Investors are increasingly looking to diversify their retirement accounts with nontraded alternative assets like real estate and private equity, according to a survey released Tuesday by Pensco. In the survey of almost 1,000 investors, 62 percent said they’ve increased their allocation to nontraded alts or have plans to do so. Another quarter plan to increase their allocation in the next five years.
“Our survey found that compared to last year, investors now experience fewer hurdles to investing in nontraded alternatives, and they possess a better understanding of how to use an IRA to invest in various alternative asset classes,” Kelly Rodriques, chief executive officer of Pensco, said in a statement.
Rodriques said the increase in use of nontraded alternative investments in IRAs is a result of both more volatility and a better understanding among investors of how they work.
“As the market continues showing signs of volatility and as individuals increasingly understand the potential benefits of adding alternative assets to their portfolios, we anticipate that self-directed IRA investors will continue pursuing nontraded alternatives that have different risk and return profiles from traditional stocks and bonds,” he said.
In addition to looking for more diversification, investors said they were interested in nontraded alts for their opportunity to invest in businesses, sectors, and industries they’re familiar with.
Real estate and private equity are the most popular asset classes, particularly real estate. More than half of respondents said they will increase their allocation to real estate investments, including single-family investment property and nontraded REITs. A quarter said they will increase their private equity allocation with investments in startups or funds.

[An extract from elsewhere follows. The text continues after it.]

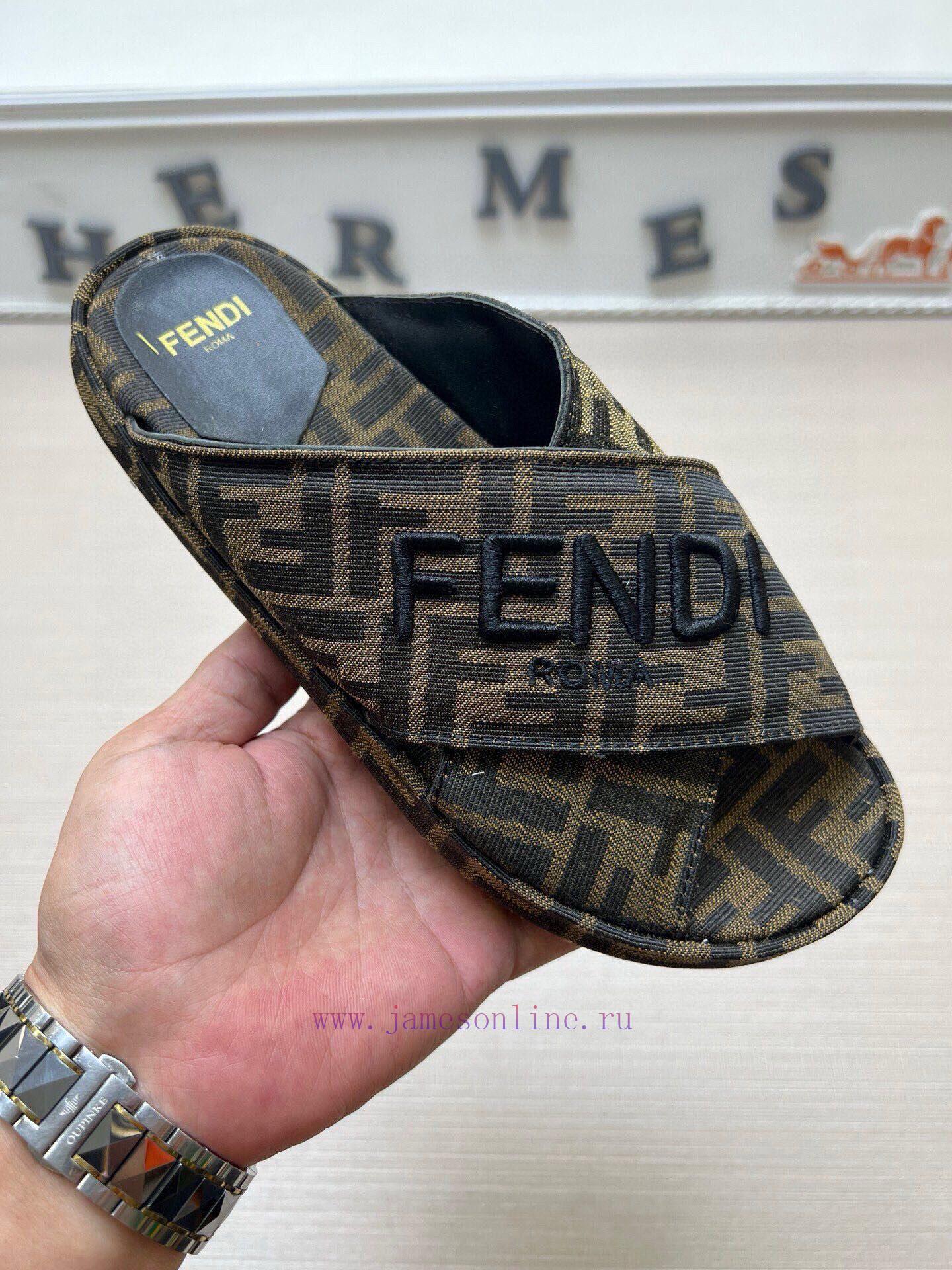 Couple StyleFENDI's Latest Thick Soled Slippers For Spring And Summer Featuring An Embroidered 920wteg4 - Image 2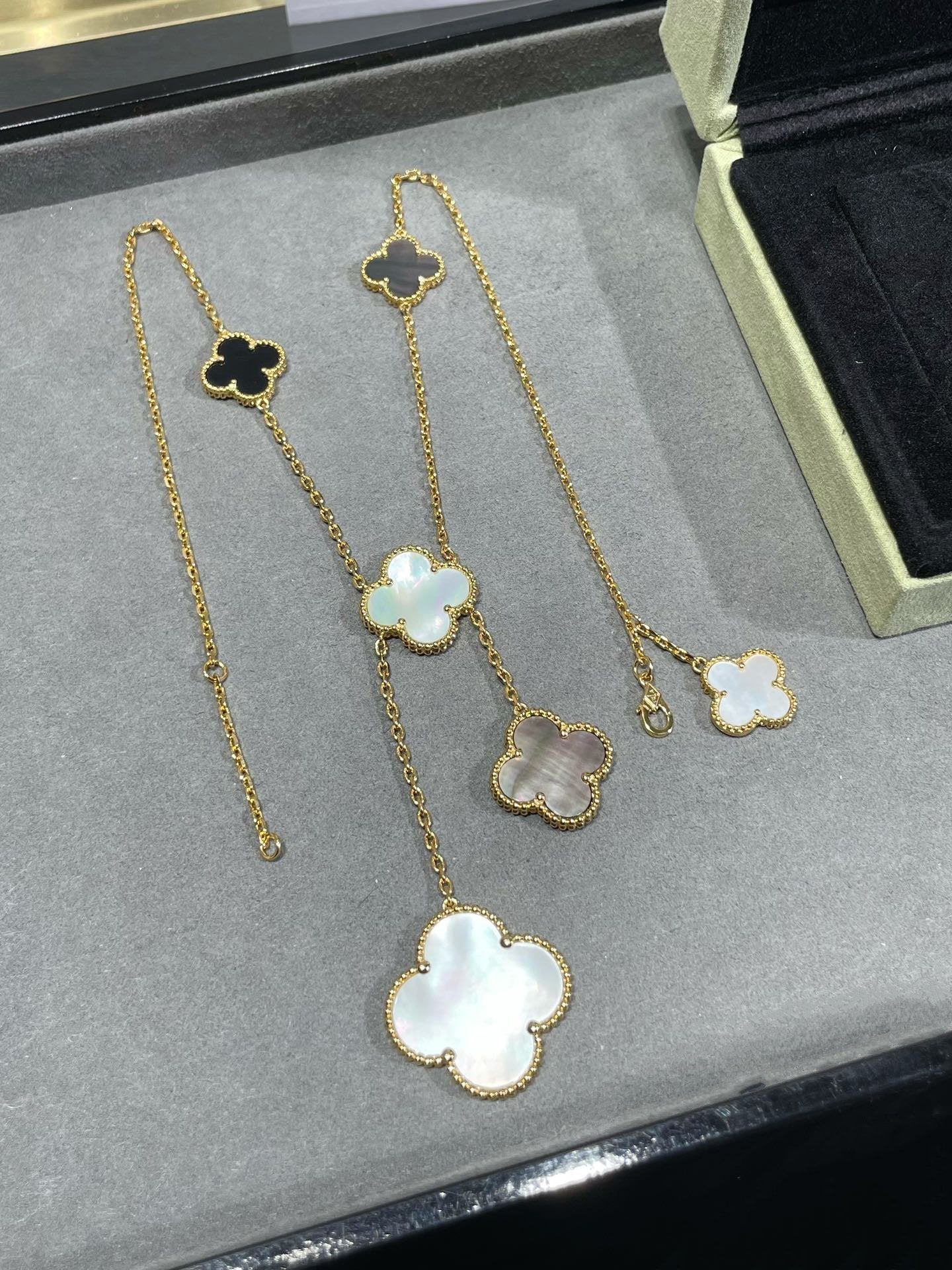 [Glitter Jewelry]CLOVER 6 MOTIF MOP ONYX GOLD NECKLACE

Pensco noted that new account activity at the firm has shown similar trends. Over a third of new accounts at Pensco in the first nine months of the year were invested in private equity, and 32 percent in real estate.
“Real estate is popular among self-directed IRA clients because of its potential for income generation and hedging against inflation, while private equity offers investors with long investment horizons the potential for growth,” said Rodriques.
Rodriques predicts the SEC’s recent approval of crowdfunding rules regarding Title III of the JOBS Act will only increase investor interest in nontraded alternative investments. Thirty percent of respondents said they already have some understanding of how to invest in private equity through a crowdfunding platform.
However, he warned that self-directed investors are a prime target for companies trying to raise capital through the new rules and that more education is needed.
“Starting next year, the general public will be able to buy shares of private companies that are issued on securities crowdfunding platforms, which means that the need for investor education on the topic is greater than ever before,” he said. “We expect capital raisers to tap self-directed IRA investors for funding through crowdfunding vehicles.”
He added that interest will come from both sides, though. “We also anticipate increased interest from individuals looking to use retirement funds to invest in equity crowdfunding opportunities, leading to the overall growth of the self-directed IRA market,” he said.